Google’s Neural Machine Translation system (GNMT) works differently to the original phase-based machine translation (PBMT) system, in that it aims to “learn” by itself how languages may translate. Sometimes, GNMT even breaks apart individual words to work out how they may translate, and researchers don’t entirely understand the process at work. “It can be unsettling, but we’ve tested it in a lot of places and it just works,” Google researcher Quoc Le told MIT Technology Review.

Google has rolled out the new system to Chinese to English translations, covering around 18 million daily translations. The testers also found good results with French and Spanish translations, but these won’t be launching just yet. The team is planning a staggered launch of the new technology over the coming months.

Google

The improvements should speak for themselves.
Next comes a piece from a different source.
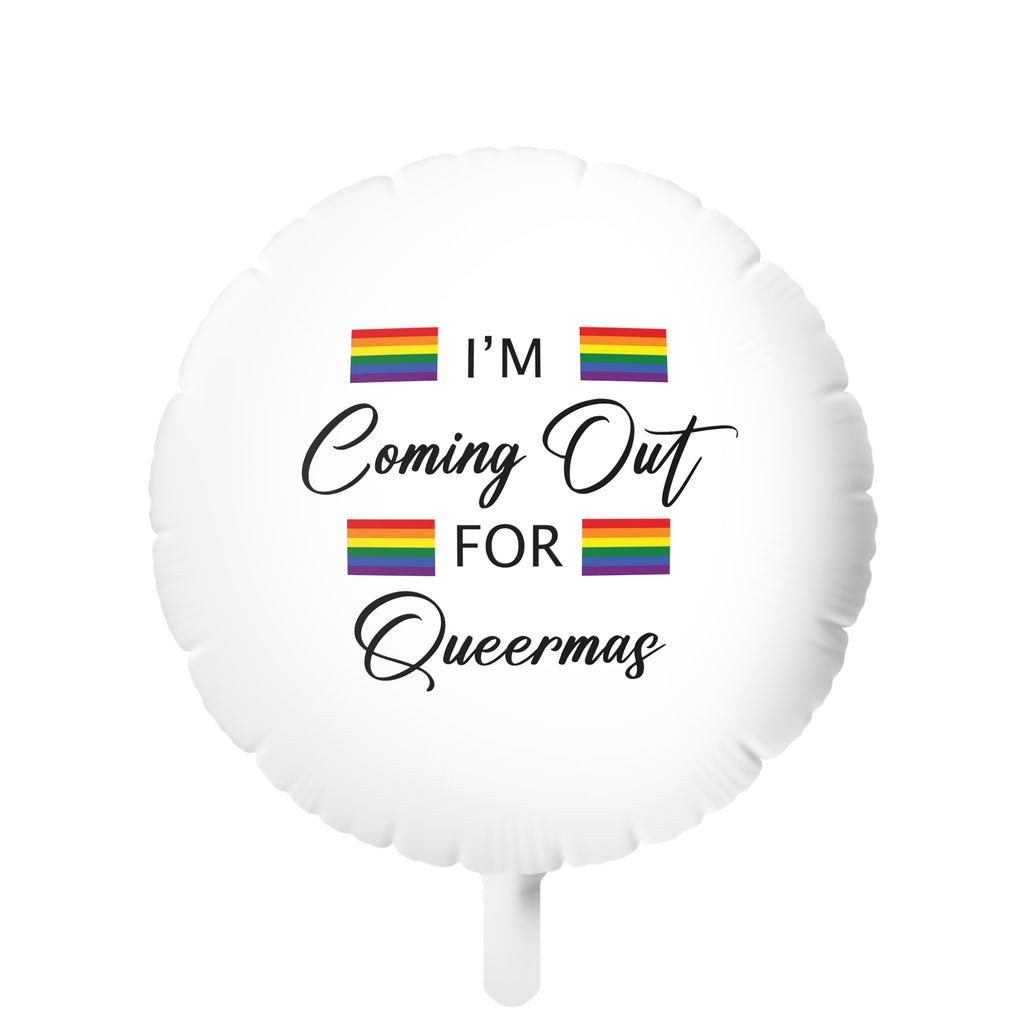 Christmas LGBTQ Mylar Helium Balloon , I am Coming Out for  Queermas Printify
In tests, researchers found GNMT-powered translations were up to 85 percent closer in accuracy to high-quality human translations than the original system. On average, errors were reduced by 60 percent.

GNMT could put an end to the days of mockery from users, baffled by some of Google Translate’s sometimes bizarre results:

The improvements have far-reaching implications for many products, which depend on Google Translate to function. Google Chrome and Gmail both use the service to translate web pages automatically, while the company’s smartphone app has the ability to translate real-world text using augmented reality technology:

Whether GNMT will remain as reliable when faced with millions of daily translations remains to be seen, but with some of the mangled translations the PBMT system was producing, in some cases the bar will be fairly low for improvement.